Another group also started in 1986 - in the living room of Dieter and Val Zander. New Song Church moved to a cafeteria and began to grow into the “flock that rocks”. Despite living close by, I didn't hear about this church until the early nineties when I first visited New Song. Dieter ended up going to Willow Creek to start Axis, and then came to San Francisco shortly after i was there. In 1998 I told Dieter I would move his furniture if he came to San Francisco and thats exactly what happened. His couch was REALLY heavy.

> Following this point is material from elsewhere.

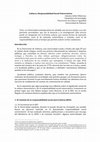 Research paper thumbnail of Cultura y Responsabilidad social universitaria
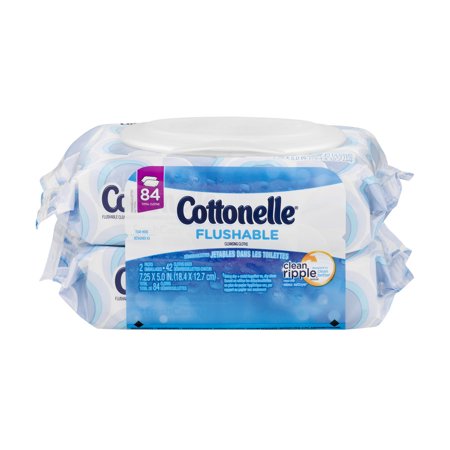 Cottonelle Flushable Wipes, 84 Ct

In 1988 we moved up to Portland Oregon, to study at Multnomah School of the Bible. I got a job at Southwood Park First Evangelical Free Church as the Outreach Pastor. My goal was ministry to those in the community on the fringe of church. The following year, I started a new service in the basement. It was modelled after a coffee shop - tables and chairs, coffee and danishes, a stool for me up front as seen at comedy clubs. The goal was to have a church service for those in the community that didn't like church, something less frightening and more similar to the cultural forms they were used to. In this we succeeded. Even some of the Christians from the traditional service preferred it and starting attending. This created some tension in the church. And when i was overseas on a trip, the elders decided to pull the plug on the “contemporary service”. That was the last time I tried to start a “church within a church” structure. From that point on, I was committed to new wineskins for new wine, wile respecting and blessing the inherited models at the same time. Dan Kimball wrote a good post on the Axis service that Dieter went on to start for Willow Creek. A new patch stitched onto an old garment washes off when things go through the ringer.
I didn't realize at the time that in the UK there were new models of church far more advanced than ours. But more about that another time.
As for the Logos, it hit a reef six months after we left and was replaced with M.V. Logos 2. But in my mind, it remains as a visual example of missions thinking coming to America. I realize there have been lots of events and emphases that have led the church to take a missional stance towards its own culture. But if our mission back in the 80's was to get the American church thinking seriously about missions in their own country, then i like to think this current movement of missional thinking is in part an answer to our prayers and perhaps a little fruit for our labor.
BTW - an OM ships reunion happens on Oct 7-9 in Seattle.
The nineties were a wild time of experimentation and stupid mistakes and strategic breakthroughs - I will write some thoughts on this soon.